Trimmomatic

Trimmomatic は Java で書かれているアダプタートリミングツールである。Trimmomatic はアダプターの除去のみならず、リードの末端から一定数の塩基をトリムしたりする、簡単なクオリティフィルタリングも行える。シングルエンドリードのみならずペアエンドリードにも対応している。また、gzip (拡張子 .fq.gz など)や bzip2 (拡張子 .fq.bz2 など)で圧縮されている FASTQ ファイルを展開せずに処理することができる。

インストール

Trimmomatic は Java によって書かれている。Trimmomatic 配布ウェブサイトからバイナリファイル(.jar ファイル)をダウンロードすれば、そのまま利用できる。

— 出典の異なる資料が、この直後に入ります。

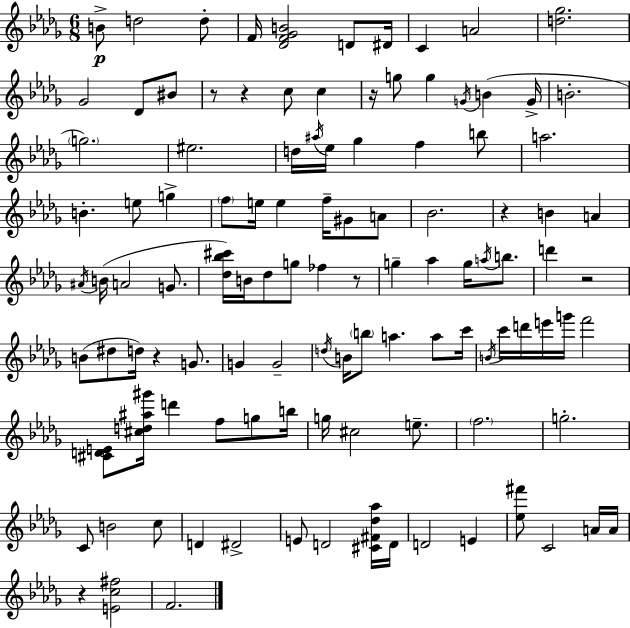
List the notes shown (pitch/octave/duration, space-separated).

B4/e D5/h D5/e F4/s [Db4,F4,Gb4,B4]/h D4/e D#4/s C4/q A4/h [D5,Gb5]/h. Gb4/h Db4/e BIS4/e R/e R/q C5/e C5/q R/s G5/e G5/q G4/s B4/q G4/s B4/h. G5/h. EIS5/h. D5/s A#5/s Eb5/s Gb5/q F5/q B5/e A5/h. B4/q. E5/e G5/q F5/e E5/s E5/q F5/s G#4/e A4/e Bb4/h. R/q B4/q A4/q A#4/s B4/s A4/h G4/e. [Db5,Bb5,C#6]/s B4/s Db5/e G5/e FES5/q R/e G5/q Ab5/q G5/s A5/s B5/e. D6/q R/h B4/e D#5/e D5/s R/q G4/e. G4/q G4/h D5/s B4/s B5/e A5/q. A5/e C6/s B4/s C6/s D6/s E6/s G6/s F6/h [C#4,D4,E4]/e [C#5,D5,A#5,G#6]/s D6/q F5/e G5/e B5/s G5/s C#5/h E5/e. F5/h. G5/h. C4/e B4/h C5/e D4/q D#4/h E4/e D4/h [C#4,F#4,Db5,Ab5]/s D4/s D4/h E4/q [Eb5,F#6]/e C4/h A4/s A4/s R/q [E4,C5,F#5]/h F4/h.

wget http://www.usadellab.org/cms/uploads/supplementary/Trimmomatic/Trimmomatic-0.33.zip
unzip Trimmomatic-0.33.zip
cd Trimmomatic-0.33
ls
## LICENSE       adapters        trimmomatic-0.33.jar

展開後に得られる trimmomatic-0.33.jar が実行ファイルである。また、adapters ディレクトリにはいくつかのアダプター配列の情報が保存されている。

使い方

シングルエンドリード

single-end read からアダプター配列を除去する例を示す。1 行のコマンドを複数行に分けて書くために、途中で「\」を入れて改行する。実行ファイルのあとに SE をオプションとして与える。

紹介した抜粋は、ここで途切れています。